Sunday, March 3, 2024

An energy-efficient analog AI chip for deep learning inference

Tech corporation IBM has unveiled a new analog AI chip prototype that demonstrates remarkable efficiency and accuracy in performing complex computations.

We’re just at the beginning of an AI revolution that will redefine how we live and work. One of the most groundbreaking technologies is deep neural networks (DNNs), which have revolutionized the field of AI. With the emergence of foundation models and generative AI, DNNs are gaining even more attention. However, traditional digital computing architectures are not equipped to handle the demands of these models, which limits their performance and energy efficiency.

IBM Research has been investigating ways to revolutionize the field of AI computation. One promising approach they are investigating is analog in-memory computing, or simply analog AI, to address the challenge by borrowing key features of how neural networks run in biological brains.

In order to turn the concept of analog AI into a reality, two key challenges need to be addressed: first, these memory arrays need to be able to compute with a level of precision that matches existing digital systems, and second, they must be able to interface seamlessly with other digital compute units and a digital communication fabric on the analog AI chip.

Now, IBM Research made a significant step towards addressing these challenges by introducing a state-of-the-art, mixed-signal analog AI chip for running a variety of deep neural network (DNN) inference tasks.
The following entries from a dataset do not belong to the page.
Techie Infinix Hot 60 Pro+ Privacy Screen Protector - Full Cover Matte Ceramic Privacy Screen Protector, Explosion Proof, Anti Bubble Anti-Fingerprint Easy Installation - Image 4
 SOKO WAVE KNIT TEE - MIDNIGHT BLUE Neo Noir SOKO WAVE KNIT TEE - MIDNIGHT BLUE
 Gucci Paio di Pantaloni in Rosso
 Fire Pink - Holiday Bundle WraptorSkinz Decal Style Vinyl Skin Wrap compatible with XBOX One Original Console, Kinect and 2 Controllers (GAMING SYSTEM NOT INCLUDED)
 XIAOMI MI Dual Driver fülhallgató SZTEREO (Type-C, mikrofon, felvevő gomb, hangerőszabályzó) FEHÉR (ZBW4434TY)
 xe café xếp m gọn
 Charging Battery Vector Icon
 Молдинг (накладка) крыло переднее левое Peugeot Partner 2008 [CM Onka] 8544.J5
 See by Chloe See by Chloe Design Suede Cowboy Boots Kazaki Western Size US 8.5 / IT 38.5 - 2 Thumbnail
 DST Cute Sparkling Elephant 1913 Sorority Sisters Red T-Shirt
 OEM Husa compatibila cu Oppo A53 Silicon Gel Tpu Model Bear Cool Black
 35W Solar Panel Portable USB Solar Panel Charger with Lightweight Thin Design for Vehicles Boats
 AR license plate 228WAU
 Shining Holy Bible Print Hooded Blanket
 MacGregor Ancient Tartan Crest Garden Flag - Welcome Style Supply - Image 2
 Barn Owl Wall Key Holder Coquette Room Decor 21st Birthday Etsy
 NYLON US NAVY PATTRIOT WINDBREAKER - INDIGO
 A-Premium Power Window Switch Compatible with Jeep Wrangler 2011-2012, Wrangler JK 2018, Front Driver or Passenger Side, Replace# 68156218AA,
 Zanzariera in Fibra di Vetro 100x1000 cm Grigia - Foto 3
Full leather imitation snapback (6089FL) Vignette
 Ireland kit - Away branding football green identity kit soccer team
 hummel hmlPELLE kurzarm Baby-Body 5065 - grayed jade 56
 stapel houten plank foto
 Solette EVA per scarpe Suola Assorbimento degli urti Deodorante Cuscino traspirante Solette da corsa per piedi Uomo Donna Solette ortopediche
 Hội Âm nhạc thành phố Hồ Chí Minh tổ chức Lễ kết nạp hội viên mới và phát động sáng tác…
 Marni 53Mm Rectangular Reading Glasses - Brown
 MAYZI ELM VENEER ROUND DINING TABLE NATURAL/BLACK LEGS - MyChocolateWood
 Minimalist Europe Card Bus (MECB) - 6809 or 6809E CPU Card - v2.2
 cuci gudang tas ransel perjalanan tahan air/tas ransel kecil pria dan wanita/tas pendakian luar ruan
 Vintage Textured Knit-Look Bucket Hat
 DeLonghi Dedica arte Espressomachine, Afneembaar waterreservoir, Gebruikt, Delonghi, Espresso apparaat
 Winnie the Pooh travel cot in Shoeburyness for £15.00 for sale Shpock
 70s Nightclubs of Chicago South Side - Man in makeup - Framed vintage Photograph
The company says it is the first analog chip that has been tested to be as adept at computer vision AI tasks as digital counterparts while being considerably more energy efficient.

The chip comprises 64 analog in-memory compute (AIMC) cores, each containing a 256-by-256 crossbar array of synaptic unit cells. In each core (or tile), compact, time-based analog-to-digital converters are integrated to transition between the analog and digital worlds. Each tile is also integrated with lightweight digital processing units that perform simple nonlinear neuronal activation functions and scaling operations.

Each tile can perform the computations associated with a layer of a DNN model. In addition, a global digital processing unit is integrated in the middle of the chip for more complex operations critical for the execution of certain types of neural networks.

With this approach, the IBM team demonstrated near-software-equivalent inference accuracy (92.81%) with ResNet and long short-term memory networks. They also showed that analog in-memory computing can be seamlessly combined with several digital processing units and a digital communication fabric.

IBM also claims the measured matrix–vector multiplication throughput per area of 400 giga-operations per second per square millimeter (400 GOPS/mm2) of the chip is more than 15 times higher than previous multi-core, in-memory computing chips based on resistive memory while achieving comparable energy efficiency.